Doe de bijendans
Het zonnetje schijnt weer buiten en de krokussen zijn weer uit de grond tevoorschijn gekomen. In de lente hoor je bijen zoemen die opzoek zijn naar eten en zo’n lekker krokusje zien ze wel zitten. De bijen moeten veel rondvliegen om aan hun eten te komen, terwijl voor ons de supermarkt altijd klaar staat. Het is voor de bijen dan ook erg handig om aan de andere bijtjes uit hun nest te vertellen waar ze ergens een bloemenveldje hebben gevonden. Op deze manier kunnen ze elkaar helpen om voedsel te vinden zodat ze hier minder energie aan kwijt zijn.
De bijen kunnen natuurlijk niet praten zoals wij mensen dat doen, maar ze hebben wel een andere hele handige manier gevonden om met elkaar te communiceren, namelijk met de bijendans. Hierbij waggelen de bijen over de honingraad in de vorm van een achtje, om zo de andere duidelijk te maken dat ze iets hebben gevonden. Hierbij vertellen ze met de oriëntatie van het achtje in welke richting het te vinden is en met de snelheid waarmee ze waggelen geven ze aan wat de afstand is tot het voedsel.

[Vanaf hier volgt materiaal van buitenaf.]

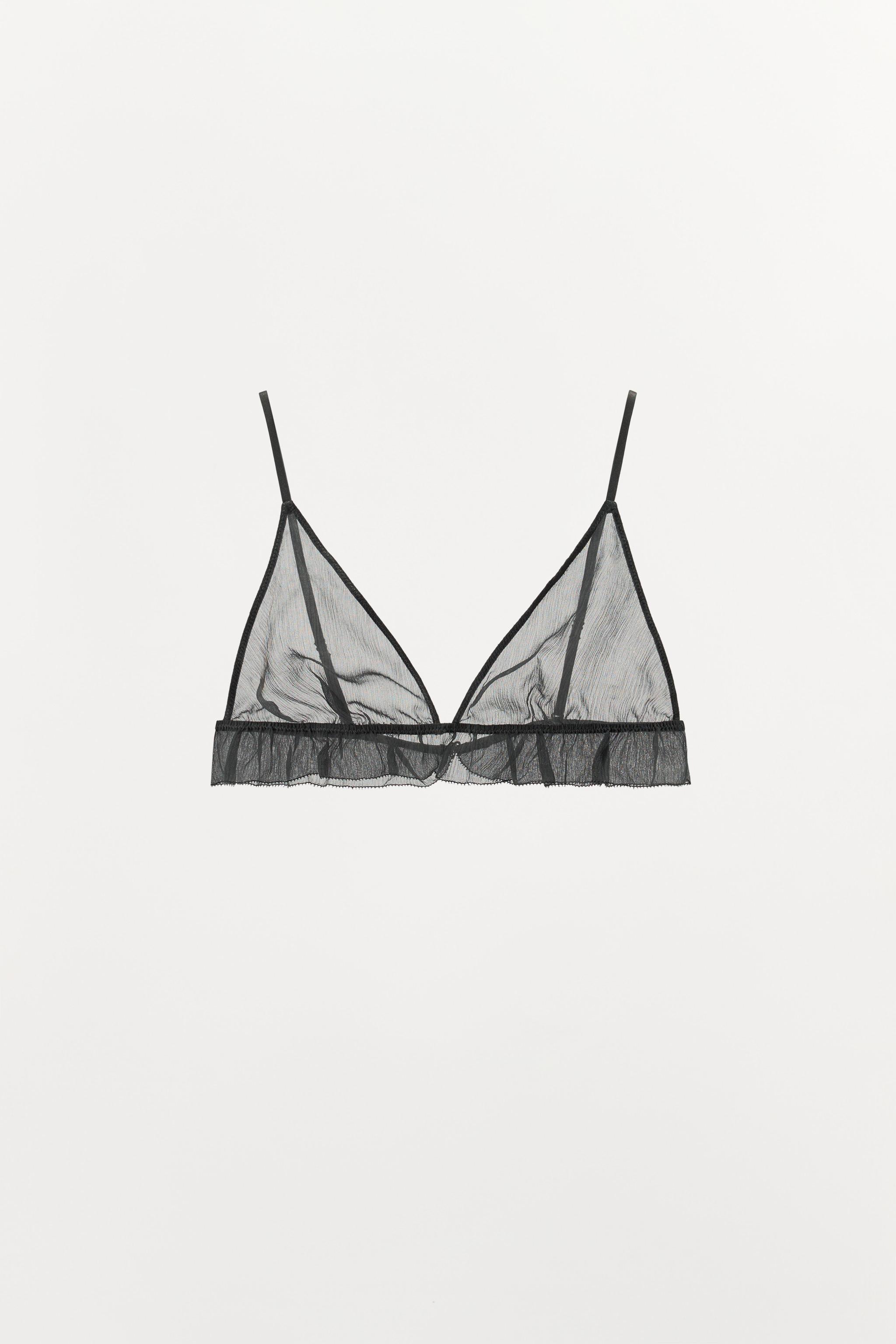 100% SILK TRIANGLE BRALETTE
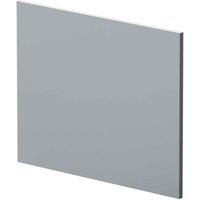 Hudson Reed Urban Square Showerbath 700Mm End Panel - Satin Grey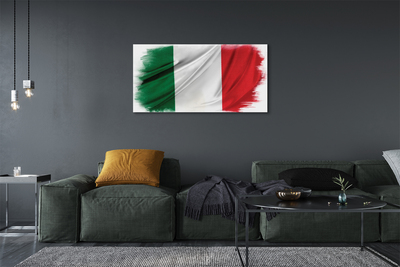 Cuadros sobre lienzo Bandera de italia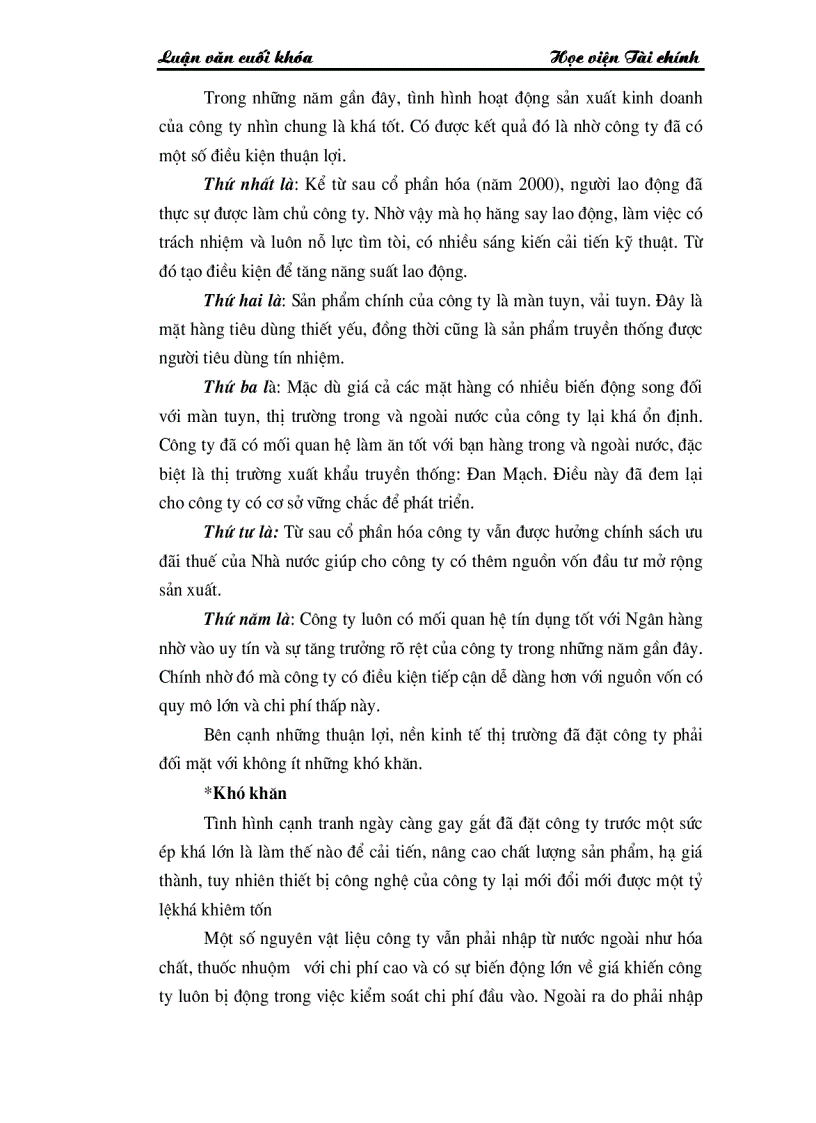 image for page Những giải pháp chủ yếu huy động vốn đổi mới thiết bị công nghệ tại Công ty Cổ phần dệt 10 10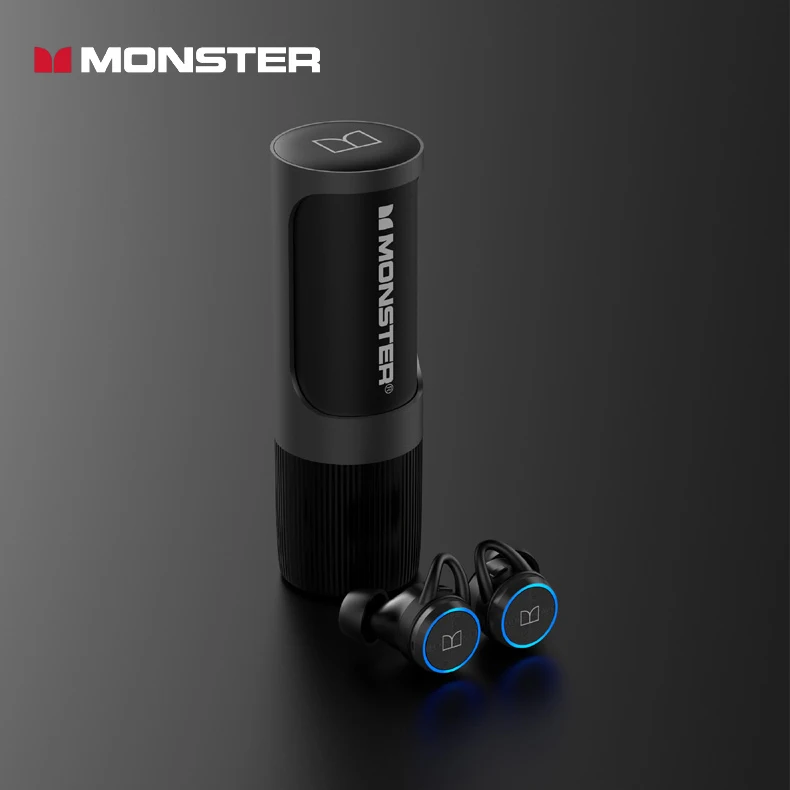 Monstru Clarity101 Căști Bluetooth Adevărat Wireless In-ear TWS Sport Funcționare Lungă de Viață a Bateriei de Reducere a Zgomotului Căști 2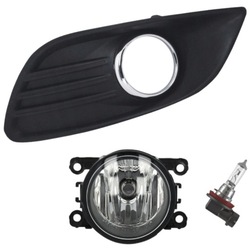 Ford focus ii 2008-2010 решётка w бампере правая з хромированная рамка +галоген фото №1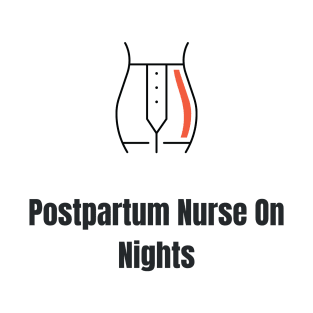 Postpartum Nurse On Nights - Postpartum Nurse T-Shirt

In deze les gaan de leerlingen zelf aan de slag met de bijendans. Hierbij kijken ze eerst een filmpje van de bijendans en vervolgens bedenken ze hun eigen bijendans. De leerlingen worden hierbij opgedeeld in ‘kenners’ en ‘zoekers’. De kenners verzinnen net als de bijen een code voor richting en afstand. Daarna leggen ze de code uit aan de zoekers en verstoppen ze het voedsel, op bijvoorbeeld het schoolplein of in de gymzaal. Nu beelden de kenners de code uit aan de zoekers. De zoekers ontcijferen de dans en gaan opzoek naar het voedsel. De gehele uitwerking van de les is hier te downloaden.
Tijdsindicatie les: 60 minuten
Leerdoelen:
- De leerling weet dat dieren die in groepen leven sociaal gedrag vertonen, zoals het delen van voedsel of nestruimte of het zorgen voor de jongen. Het leven in groepen verhoogt de levenskansen van sommige diersoorten en mensen.
- De leerling weet dat dieren verschillend gedrag vertonen. Belangrijke voorbeelden zijn: voedsel zoeken/ eten, voortplanten (waaronder balts, paring en zorgen voor jongen) en vechten/vluchten. Gedrag is nodig om te blijven bestaan.
- De leerling weet dat bijna alle dieren bewegen om zich te voeden en voort te planten (essentiële levensprocessen).